Os partidos à esquerda do PS, e que sustentam o Governo no Parlamento – BE, PCP e Verdes – também não estão isentos de crítica, tendo inclusivamente votado contra (PCP) ou optado pela abstenção (BE e Verdes) na votação de uma iniciativa parlamentar do PAN que pretendia revogar, precisamente, o famigerado Decreto-Lei 109/94. O argumento? A votação favorável da iniciativa criaria um vazio legal e não impediria a exploração de petróleo em Portugal no futuro. O que propuseram em alternativa? O PCP não propôs nada, o Bloco propôs a obrigatoriedade de avaliação de impacto ambiental para as operações de prospecção de extração de hidrocarbonetos e os Verdes propuseram a suspensão dos contratos no Algarve e na Costa Alentejana (curiosamente, as zonas onde os protestos têm sido mais mediáticos). Nenhuma proposta, portanto, que, por princípio, se opusesse à exploração de petróleo ou que a inviabilizasse no futuro, demonstrando assim que estes partidos, embora se reclamem a favor da luta contra as alterações climáticas e as suas consequências, não estão dispostos a levar até ao final essa luta, pois isso implicaria questionar a fundo o Governo e o modelo energético capitalista vigente.

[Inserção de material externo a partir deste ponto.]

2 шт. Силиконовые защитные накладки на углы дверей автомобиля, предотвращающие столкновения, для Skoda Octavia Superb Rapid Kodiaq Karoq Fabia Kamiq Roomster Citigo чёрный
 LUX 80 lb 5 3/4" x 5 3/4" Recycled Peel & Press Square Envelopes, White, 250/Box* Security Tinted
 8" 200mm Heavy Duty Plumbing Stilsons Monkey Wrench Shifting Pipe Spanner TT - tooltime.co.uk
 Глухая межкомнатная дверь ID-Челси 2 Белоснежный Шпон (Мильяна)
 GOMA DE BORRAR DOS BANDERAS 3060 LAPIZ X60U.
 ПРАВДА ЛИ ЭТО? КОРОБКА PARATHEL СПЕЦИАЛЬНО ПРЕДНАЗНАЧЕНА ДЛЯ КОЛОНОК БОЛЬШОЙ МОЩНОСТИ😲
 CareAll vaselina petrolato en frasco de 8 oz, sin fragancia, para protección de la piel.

Assim, fica cada vez mais claro que apenas com um Governo de e para os trabalhadores, que rompa com os interesses capitalistas, será possível um novo modelo energético e ambiental sustentável.
Só a mobilização pode impedir a exploração de petróleo e garantir uma política energética sustentável
A atuação dos partidos que suportam o Governo no Parlamento constitui, acima de tudo, a demonstração cabal de que, naquilo que são as questões estratégicas para o país, quem vive do trabalho continua a depender apenas da sua capacidade de mobilização, organização e luta para defender os seus interesses.
Neste momento, apenas as concessões na costa do Algarve e vizinho Alentejo têm sido objeto de contestação popular com alguma dimensão e impacto mediático, reunindo centenas de pessoas. É necessário que mais se mobilizem e se juntem a essas ações de protesto. Contudo, é necessário também que os protestos contra a exploração de petróleo se estendam a todo o país, em particular às outras regiões nas quais foram adjudicados contratos de prospecção e exploração de hidrocarbonetos. O que está em causa não afeta apenas o Algarve, mas sim o país no seu todo. A regionalização dos protestos diminui a sua eficácia, isola quem os promove e, acima de tudo, dispensa o Governo e os partidos com assento parlamentar de assumirem claramente, de uma vez por todas, que modelo energético defendem para o país e de responderem pelas opção políticas que têm feito.